European
values are fairly clear: they want oil to travel northward, not
people. Haftar, at the cost of the Libyans themselves, will make that
happen.
by
Vijay Prashad
You can
well imagine the tension when Libya’s beleaguered Prime Minister
Fayez al-Serraj met with the UN envoy Ghassan Salamé in his office
in Tripoli on Monday morning. Not far away, in the south of Libya’s
capital, the troops of the Libyan National Army led by General
Khalifa Haftar had made rapid advances. They had taken the shell of
Tripoli International Airport and had made a dash toward the road
that links Libya to Tunisia. Haftar’s troops, well-armed and
well-disciplined, had moved northward toward the Ain-Zara
neighborhood. On Monday, Haftar’s air force bombed the only working
airport in Tripoli—at Mitiga. The United Nations wanted to let
al-Serraj know that it would not abandon him.
Part
1 - Khalifa Haftar
It’s
hard to follow the ins and outs of Libyan politics, particularly
given the fragmentation of the country after the NATO war in 2011.
NATO hit Libya very hard, destroying what institutions remained.
As soon
as the bombs started falling, General Khalifa Haftar departed for
Benghazi (in Libya’s east) from his home in Virginia, just a
10-minute drive from CIA headquarters.
Haftar
had been a senior general in the army of Muammar al-Gaddafi, and it
was Haftar who had led the charge into Chad during that ill-fated war
in 1987. Haftar defected to the United States, dashed out of Libya
with his family and arrived in Virginia.
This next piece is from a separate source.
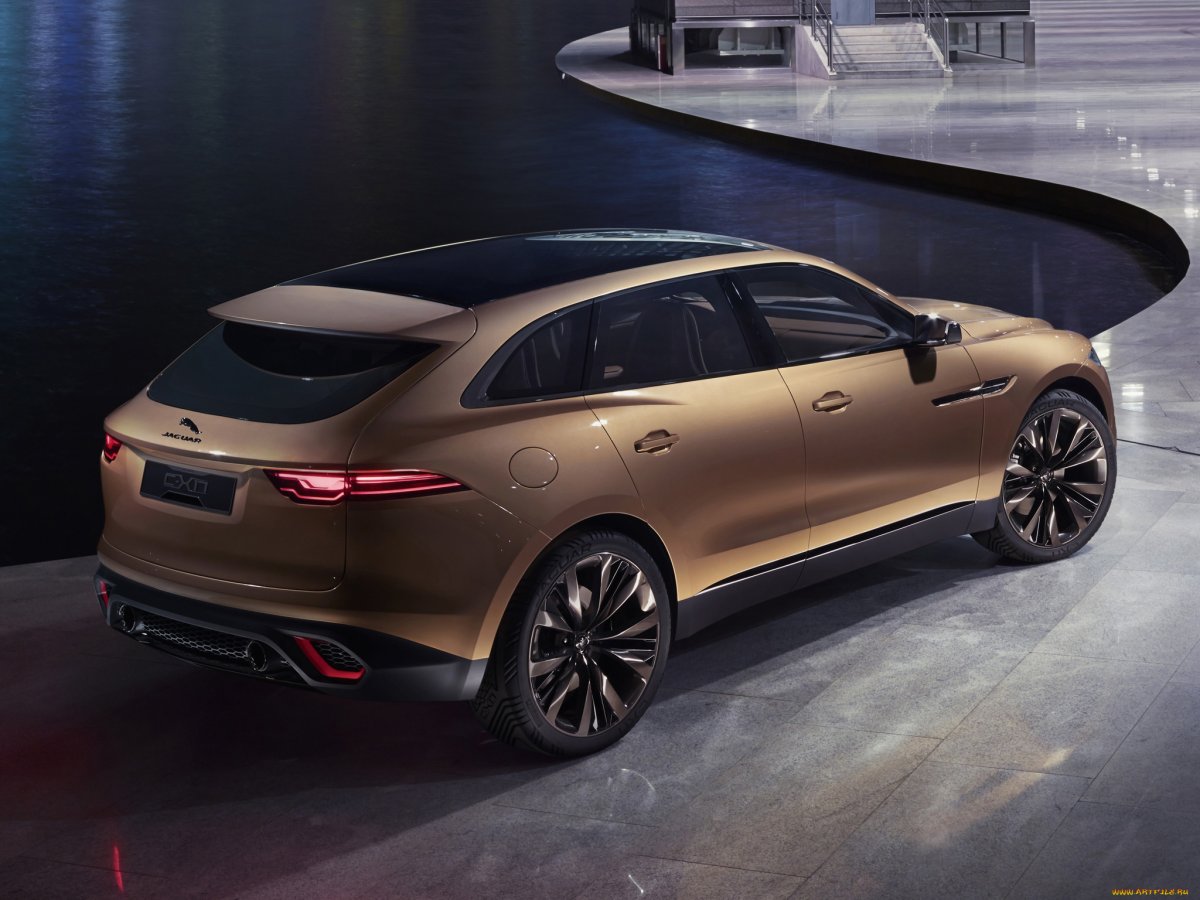 Jaguar SUV 2013 model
The United States government
essentially gave Haftar exile status, keeping him in cold storage for
when he might be useful. But Haftar was in for a surprise.
The U.S.
government led by Barack Obama thought that it controlled the
situation in North Africa, when in fact it was flat-footed. Obama’s
team felt that it could continue to support Egypt’s Hosni Mubarak
even after Egypt’s military had decided to do away with him.
In
Libya, they felt that their man—Haftar—would be able to take the
reins and seize Libya for the United States. But when Haftar arrived
in Benghazi, he found that the Gulf Arabs—notably the Qataris—had
already chosen the next leader of Libya, their banker Mahmoud Jibril.
The United States and France bombed Libya to a crisp and Qatar won
the initial prize, with Jibril as the head of government.
Libya
fell into the worst of the rivalries of the Gulf Arabs. Saudi Arabia
and the United Arab Emirates—with their close friend Egypt—had a
grand falling out with Qatar—and its close friend Turkey—in 2014.
Egypt
and the UAE, as well as Saudi Arabia, had already decided that Haftar
would be their man against Qatar’s Jibril. The Egyptian and Emirati
bombers gave Haftar air support as they continued his brutal war in
Benghazi and then as he attempted a failed coup in Libya in 2014.
Haftar appeared to the Saudis and the Emiratis as the Libyan version
of Egypt’s president Abdel Fattah el-Sisi. Haftar saw that el-Sisi
was given a long leash, not only by his Gulf Arab allies but also by
the West, which said nothing about the human rights violations inside
Egypt. If el-Sisi can get away with it, Haftar surmised, so can he.